Sri Lanka`s Tamils vote under the shadow of guns

Tamil voters in northern Sri Lanka are set to elect their first ever semi-autonomous council on Saturday, in a post-war power-sharing exercise already marred by allegations of army intimidation and harassment.

Jaffna: Tamil voters in northern Sri Lanka are set to elect their first ever semi-autonomous council on Saturday, in a post-war power-sharing exercise already marred by allegations of army intimidation and harassment.

The poll is being held with Sri Lanka`s President Mahinda Rajapakse under international pressure to allow a fair vote for the Provincial Council in the once strife-torn region which was a former stronghold for the Tamil Tiger separatist rebels.

The Tigers were crushed by a Sri Lankan military onslaught in 2009, which remains dogged by war crimes allegations, and the army maintains a heavy presence throughout the region of about a million people.

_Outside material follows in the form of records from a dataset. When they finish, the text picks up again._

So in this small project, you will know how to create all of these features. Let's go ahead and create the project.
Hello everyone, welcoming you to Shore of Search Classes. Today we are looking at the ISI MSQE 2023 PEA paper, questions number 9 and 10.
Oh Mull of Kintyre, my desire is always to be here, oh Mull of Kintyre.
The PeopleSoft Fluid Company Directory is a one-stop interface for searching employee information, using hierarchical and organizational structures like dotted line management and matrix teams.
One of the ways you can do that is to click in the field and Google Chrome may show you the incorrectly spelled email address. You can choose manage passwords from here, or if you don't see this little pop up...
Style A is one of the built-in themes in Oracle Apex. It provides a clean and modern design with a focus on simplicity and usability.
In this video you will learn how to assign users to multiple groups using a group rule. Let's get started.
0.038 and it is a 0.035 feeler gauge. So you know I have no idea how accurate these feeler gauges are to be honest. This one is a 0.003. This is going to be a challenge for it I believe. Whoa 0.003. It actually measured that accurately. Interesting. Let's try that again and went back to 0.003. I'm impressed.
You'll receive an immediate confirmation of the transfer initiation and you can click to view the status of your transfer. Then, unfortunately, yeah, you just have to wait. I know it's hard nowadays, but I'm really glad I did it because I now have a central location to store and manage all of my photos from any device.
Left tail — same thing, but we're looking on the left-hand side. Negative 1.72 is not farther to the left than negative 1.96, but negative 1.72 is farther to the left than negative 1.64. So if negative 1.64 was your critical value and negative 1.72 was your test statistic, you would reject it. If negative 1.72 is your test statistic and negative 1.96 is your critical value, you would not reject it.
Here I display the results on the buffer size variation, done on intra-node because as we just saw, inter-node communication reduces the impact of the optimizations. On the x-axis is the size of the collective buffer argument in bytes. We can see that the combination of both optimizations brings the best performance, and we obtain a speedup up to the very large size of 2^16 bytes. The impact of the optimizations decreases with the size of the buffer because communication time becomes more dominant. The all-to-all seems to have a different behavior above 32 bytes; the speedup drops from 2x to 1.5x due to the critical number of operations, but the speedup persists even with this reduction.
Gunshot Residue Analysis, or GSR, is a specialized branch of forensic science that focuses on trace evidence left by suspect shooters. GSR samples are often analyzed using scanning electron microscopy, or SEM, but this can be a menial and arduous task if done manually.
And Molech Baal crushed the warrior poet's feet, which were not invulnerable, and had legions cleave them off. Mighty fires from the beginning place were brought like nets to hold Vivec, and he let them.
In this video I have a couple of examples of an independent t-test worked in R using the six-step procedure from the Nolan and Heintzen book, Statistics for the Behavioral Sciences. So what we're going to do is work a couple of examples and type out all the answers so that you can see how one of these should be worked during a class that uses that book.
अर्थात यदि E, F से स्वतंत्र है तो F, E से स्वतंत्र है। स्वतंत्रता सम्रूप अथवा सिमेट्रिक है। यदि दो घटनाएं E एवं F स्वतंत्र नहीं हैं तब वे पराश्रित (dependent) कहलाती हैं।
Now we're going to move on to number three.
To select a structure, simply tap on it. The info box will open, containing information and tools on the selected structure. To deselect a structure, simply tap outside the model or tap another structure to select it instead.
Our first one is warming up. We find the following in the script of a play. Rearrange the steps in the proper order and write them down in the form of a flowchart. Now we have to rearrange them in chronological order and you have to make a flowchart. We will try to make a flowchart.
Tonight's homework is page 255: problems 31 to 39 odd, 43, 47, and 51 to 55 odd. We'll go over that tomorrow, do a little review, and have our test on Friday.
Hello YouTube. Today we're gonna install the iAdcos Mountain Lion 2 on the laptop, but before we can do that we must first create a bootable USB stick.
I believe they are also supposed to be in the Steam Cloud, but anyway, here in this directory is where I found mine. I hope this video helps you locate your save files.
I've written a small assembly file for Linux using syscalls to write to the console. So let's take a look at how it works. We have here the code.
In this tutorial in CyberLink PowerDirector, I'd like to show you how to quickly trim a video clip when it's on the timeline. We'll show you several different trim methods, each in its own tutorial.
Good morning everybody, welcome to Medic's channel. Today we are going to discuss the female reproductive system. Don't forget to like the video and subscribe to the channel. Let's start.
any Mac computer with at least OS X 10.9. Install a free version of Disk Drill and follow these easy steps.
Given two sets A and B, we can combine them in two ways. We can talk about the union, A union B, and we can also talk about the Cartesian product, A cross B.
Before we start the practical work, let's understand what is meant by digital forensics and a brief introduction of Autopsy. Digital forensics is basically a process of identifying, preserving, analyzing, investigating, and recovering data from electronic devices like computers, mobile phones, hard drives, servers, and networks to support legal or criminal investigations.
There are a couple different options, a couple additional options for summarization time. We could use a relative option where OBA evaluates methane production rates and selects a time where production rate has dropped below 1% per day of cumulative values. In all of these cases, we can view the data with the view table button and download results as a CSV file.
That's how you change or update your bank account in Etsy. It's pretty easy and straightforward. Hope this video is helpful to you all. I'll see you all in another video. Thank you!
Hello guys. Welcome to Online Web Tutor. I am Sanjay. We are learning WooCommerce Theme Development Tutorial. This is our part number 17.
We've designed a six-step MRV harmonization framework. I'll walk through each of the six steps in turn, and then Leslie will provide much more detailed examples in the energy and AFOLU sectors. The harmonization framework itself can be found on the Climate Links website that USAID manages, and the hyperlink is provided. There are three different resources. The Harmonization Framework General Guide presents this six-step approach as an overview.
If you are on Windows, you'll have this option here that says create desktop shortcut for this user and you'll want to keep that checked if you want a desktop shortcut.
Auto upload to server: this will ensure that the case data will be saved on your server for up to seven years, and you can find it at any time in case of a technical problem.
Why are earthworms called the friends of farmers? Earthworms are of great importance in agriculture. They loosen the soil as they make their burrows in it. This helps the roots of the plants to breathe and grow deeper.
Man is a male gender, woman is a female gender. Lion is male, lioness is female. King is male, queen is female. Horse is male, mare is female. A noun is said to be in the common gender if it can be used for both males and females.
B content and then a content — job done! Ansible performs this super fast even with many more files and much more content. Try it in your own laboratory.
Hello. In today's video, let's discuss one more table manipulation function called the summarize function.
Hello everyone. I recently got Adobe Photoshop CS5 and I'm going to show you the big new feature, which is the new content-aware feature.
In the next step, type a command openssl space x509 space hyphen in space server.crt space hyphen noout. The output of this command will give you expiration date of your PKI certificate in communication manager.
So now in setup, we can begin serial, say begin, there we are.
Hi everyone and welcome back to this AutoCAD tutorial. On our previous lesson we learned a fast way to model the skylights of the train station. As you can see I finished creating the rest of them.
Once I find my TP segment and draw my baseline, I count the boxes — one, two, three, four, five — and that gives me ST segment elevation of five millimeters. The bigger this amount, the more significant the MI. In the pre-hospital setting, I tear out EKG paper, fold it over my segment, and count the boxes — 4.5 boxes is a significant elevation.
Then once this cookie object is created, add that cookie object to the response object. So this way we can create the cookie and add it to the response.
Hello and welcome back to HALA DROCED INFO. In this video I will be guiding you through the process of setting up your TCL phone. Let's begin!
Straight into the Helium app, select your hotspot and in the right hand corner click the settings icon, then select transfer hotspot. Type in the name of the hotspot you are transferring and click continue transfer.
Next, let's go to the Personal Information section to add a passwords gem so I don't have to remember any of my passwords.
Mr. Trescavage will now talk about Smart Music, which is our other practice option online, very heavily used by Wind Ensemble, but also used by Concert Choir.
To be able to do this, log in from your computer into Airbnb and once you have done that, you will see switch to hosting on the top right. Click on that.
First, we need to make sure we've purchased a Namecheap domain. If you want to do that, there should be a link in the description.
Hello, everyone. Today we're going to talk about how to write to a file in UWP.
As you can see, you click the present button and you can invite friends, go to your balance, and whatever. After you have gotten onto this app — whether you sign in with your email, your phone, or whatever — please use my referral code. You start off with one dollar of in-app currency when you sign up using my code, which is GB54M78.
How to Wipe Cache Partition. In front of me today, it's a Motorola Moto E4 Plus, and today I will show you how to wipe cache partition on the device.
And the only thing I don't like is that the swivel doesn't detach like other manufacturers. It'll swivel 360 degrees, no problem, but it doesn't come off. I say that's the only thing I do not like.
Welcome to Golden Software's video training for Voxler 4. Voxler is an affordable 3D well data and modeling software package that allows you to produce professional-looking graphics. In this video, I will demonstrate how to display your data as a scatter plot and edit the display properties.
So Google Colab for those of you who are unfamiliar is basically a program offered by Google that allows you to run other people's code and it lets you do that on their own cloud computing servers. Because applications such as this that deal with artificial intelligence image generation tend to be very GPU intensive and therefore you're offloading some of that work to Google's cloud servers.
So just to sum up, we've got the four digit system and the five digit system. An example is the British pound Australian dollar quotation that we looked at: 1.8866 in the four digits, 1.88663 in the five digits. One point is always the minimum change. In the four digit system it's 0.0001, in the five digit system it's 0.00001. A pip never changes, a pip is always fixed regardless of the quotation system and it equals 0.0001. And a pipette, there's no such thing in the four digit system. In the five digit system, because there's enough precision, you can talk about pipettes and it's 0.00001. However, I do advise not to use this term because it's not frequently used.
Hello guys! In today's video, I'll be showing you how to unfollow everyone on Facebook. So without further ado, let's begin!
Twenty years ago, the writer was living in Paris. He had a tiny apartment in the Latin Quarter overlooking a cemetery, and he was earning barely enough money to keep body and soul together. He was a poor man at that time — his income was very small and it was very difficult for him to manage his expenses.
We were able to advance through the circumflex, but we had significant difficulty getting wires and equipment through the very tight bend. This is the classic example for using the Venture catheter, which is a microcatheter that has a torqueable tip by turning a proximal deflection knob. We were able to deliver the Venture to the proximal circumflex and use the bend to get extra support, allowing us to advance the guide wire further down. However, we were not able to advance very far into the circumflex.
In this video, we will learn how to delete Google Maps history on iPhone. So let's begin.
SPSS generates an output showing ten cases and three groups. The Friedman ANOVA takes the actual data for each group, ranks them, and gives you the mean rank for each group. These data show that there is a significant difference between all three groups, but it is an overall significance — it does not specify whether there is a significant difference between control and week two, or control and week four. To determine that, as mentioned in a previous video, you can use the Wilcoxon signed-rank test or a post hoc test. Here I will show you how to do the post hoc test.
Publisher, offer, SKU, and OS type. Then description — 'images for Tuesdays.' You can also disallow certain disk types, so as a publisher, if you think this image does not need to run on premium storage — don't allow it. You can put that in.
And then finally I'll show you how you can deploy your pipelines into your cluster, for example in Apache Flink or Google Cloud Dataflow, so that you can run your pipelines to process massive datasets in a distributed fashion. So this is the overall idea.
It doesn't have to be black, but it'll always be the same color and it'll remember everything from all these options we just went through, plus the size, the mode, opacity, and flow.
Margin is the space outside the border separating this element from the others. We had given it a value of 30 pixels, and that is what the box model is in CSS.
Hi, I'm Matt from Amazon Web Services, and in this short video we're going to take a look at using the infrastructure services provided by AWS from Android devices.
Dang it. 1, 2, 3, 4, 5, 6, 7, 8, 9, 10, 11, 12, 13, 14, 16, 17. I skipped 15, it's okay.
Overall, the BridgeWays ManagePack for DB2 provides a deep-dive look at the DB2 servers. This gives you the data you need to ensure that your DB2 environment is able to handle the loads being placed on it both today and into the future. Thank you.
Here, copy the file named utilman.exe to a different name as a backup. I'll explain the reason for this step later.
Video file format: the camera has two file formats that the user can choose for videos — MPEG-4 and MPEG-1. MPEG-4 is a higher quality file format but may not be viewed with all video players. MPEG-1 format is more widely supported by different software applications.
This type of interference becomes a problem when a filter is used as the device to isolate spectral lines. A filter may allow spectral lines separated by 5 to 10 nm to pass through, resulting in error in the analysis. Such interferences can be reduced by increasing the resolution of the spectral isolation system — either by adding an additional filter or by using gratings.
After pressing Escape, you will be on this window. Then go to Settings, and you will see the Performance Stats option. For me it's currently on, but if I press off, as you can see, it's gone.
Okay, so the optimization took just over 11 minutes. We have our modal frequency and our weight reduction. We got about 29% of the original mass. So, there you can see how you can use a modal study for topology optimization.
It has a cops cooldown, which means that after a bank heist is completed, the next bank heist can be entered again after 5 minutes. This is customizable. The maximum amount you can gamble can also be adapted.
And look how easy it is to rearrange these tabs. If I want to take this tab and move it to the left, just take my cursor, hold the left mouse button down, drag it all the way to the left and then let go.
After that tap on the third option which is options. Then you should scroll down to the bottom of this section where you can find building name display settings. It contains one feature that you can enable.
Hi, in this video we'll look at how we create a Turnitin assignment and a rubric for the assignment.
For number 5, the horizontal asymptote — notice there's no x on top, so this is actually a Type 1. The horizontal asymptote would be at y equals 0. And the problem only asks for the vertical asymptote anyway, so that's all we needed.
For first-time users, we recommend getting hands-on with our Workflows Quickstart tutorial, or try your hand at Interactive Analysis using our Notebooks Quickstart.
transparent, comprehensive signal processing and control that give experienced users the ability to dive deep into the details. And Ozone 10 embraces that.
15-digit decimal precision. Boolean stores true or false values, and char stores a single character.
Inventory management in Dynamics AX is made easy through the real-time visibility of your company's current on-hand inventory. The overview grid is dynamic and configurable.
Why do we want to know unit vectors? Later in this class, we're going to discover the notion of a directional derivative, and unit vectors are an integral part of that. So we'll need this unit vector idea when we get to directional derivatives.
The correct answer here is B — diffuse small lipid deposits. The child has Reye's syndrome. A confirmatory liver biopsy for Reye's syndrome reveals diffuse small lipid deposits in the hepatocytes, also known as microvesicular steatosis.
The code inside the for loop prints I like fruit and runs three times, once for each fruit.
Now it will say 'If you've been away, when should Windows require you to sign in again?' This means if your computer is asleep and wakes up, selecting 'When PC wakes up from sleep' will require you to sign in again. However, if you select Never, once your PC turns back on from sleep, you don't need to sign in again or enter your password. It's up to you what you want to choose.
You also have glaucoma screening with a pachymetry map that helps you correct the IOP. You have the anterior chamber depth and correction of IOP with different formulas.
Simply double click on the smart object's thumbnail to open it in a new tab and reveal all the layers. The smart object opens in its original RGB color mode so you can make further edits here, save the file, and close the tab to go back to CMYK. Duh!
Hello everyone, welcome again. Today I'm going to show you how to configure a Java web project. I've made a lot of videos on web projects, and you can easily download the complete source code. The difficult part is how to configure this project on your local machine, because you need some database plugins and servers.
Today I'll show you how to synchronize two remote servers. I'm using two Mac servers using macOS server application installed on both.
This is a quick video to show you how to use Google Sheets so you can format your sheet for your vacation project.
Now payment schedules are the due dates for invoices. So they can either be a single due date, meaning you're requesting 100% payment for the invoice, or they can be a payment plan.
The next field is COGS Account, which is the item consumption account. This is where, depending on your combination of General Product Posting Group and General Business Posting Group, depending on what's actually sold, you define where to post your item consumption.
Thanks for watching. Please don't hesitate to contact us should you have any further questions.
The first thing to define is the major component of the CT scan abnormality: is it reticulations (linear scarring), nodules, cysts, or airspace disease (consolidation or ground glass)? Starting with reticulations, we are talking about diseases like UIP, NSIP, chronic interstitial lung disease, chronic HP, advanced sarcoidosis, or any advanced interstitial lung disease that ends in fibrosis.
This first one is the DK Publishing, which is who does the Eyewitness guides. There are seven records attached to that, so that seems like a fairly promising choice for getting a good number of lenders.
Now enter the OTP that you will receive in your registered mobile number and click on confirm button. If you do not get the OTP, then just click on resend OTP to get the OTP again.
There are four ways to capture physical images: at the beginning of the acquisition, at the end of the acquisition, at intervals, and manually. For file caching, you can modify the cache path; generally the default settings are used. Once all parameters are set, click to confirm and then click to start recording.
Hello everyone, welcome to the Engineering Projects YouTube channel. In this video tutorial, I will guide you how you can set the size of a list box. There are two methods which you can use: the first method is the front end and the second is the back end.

"It is clear that there cannot be a free and fair election if the military continues its interfering presence in the Northern Province," the leader of the Tamil National Alliance (TNA) party, R. Sampanthan, wrote in a letter to Rajapakse on Monday.

He asked for the army to be confined to their barracks for the election.

The Tamil Tigers, which held sway over a third of the country at their height, fought for a homeland for the ethnic Tamil population in Sri Lanka which is majority Sinhalese Buddhist.

Many Tamils complain they are treated as second-class citizens and face discrimination and Saturday`s vote is seen as crucial in reducing ethnic tensions.

The 36-member Provincial Council will have no powers to address major local grievances which include war crimes allegedly committed by Sri Lankan troops or the issue of thousands of missing people.